# Adversarial examples: corrupt random vs corrupt most important
Exercise shows comparision between corrupting random words and most important words in text.

In [1]:
from utils import load_news20
from sklearn.feature_extraction.text import TfidfVectorizer
import numpy as np
from wildnlp.aspects import *
from wildnlp.aspects.utils import compose

Better speed can be achieved with apex installed from https://www.github.com/nvidia/apex.


# Download data

In [2]:
# download the 20 News Group dataset, this may take a minute
train_data, test_data, class_names = load_news20()

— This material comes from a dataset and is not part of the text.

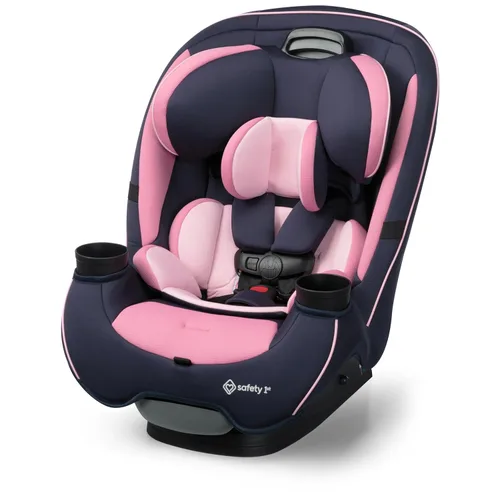 Miniatura 19 de Safety 1st Grow and Go Asiento convertible todo en uno delgado, orientado hacia atrás, de 5 a 40 libras, orientado hacia adelante (30–65 libras)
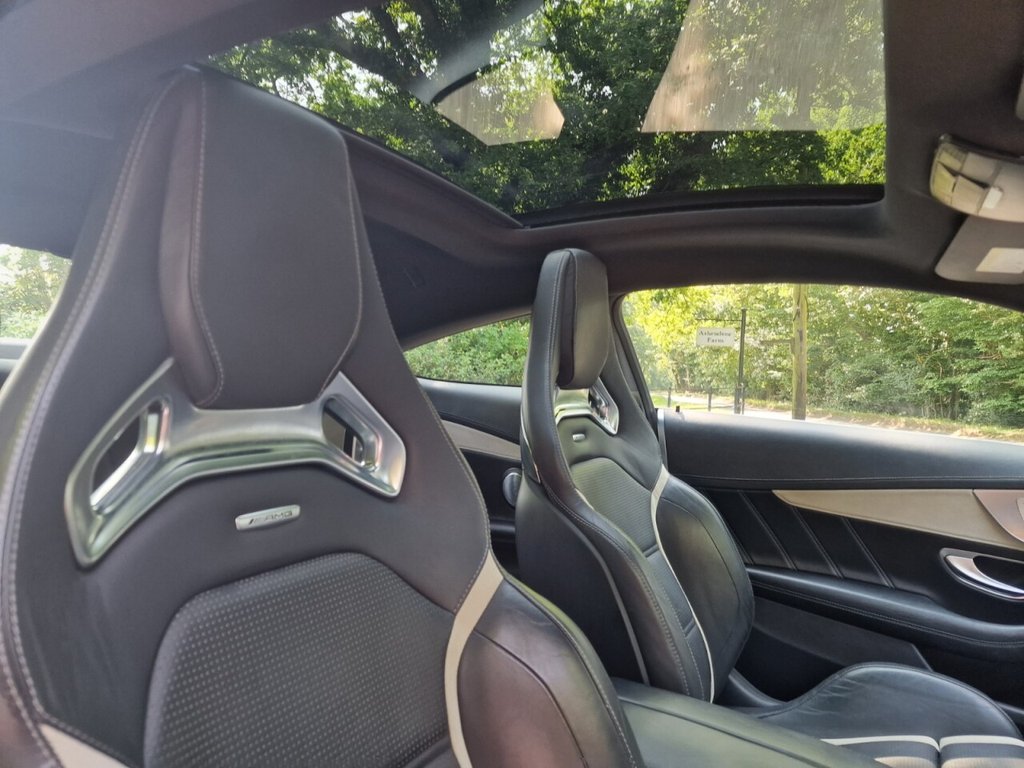 Used Mercedes-Benz C Class 2016 for sale - 76323241: Photo 24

# extract train and test datasets
X_raw_train, y_train = train_data
X_raw_test, y_test = test_data

In [3]:
class_names

['atheism',
 'graphics',
 'ms-windows.misc',
 'pc.hardware',
 'mac.hardware',
 'ms-windows.x',
 'misc.forsale',
 'autos',
 'motorcycles',
 'baseball',
 'hockey',
 'crypt',
 'electronics',
 'med',
 'space',
 'christian',
 'guns',
 'mideast',
 'politics.misc',
 'religion.misc']

# Prepare clear and corrupt data

In [4]:
# maximum vocabulary size 
max_features = 20000

# vectorize the data using tfidf, this time we'll use the whole dataset
tfidf = TfidfVectorizer(max_features=max_features, stop_words='english')
X_train = tfidf.fit_transform(np.array(X_raw_train))
X_test = tfidf.transform(X_raw_test)

# Prepare and test model

In [5]:
from sklearn.naive_bayes import MultinomialNB
from sklearn.metrics import accuracy_score
from sklearn.pipeline import make_pipeline

# initialize and train a naive bayes model
model = MultinomialNB(alpha=1)
model.fit(X=X_train, y=y_train)

MultinomialNB(alpha=1, class_prior=None, fit_prior=True)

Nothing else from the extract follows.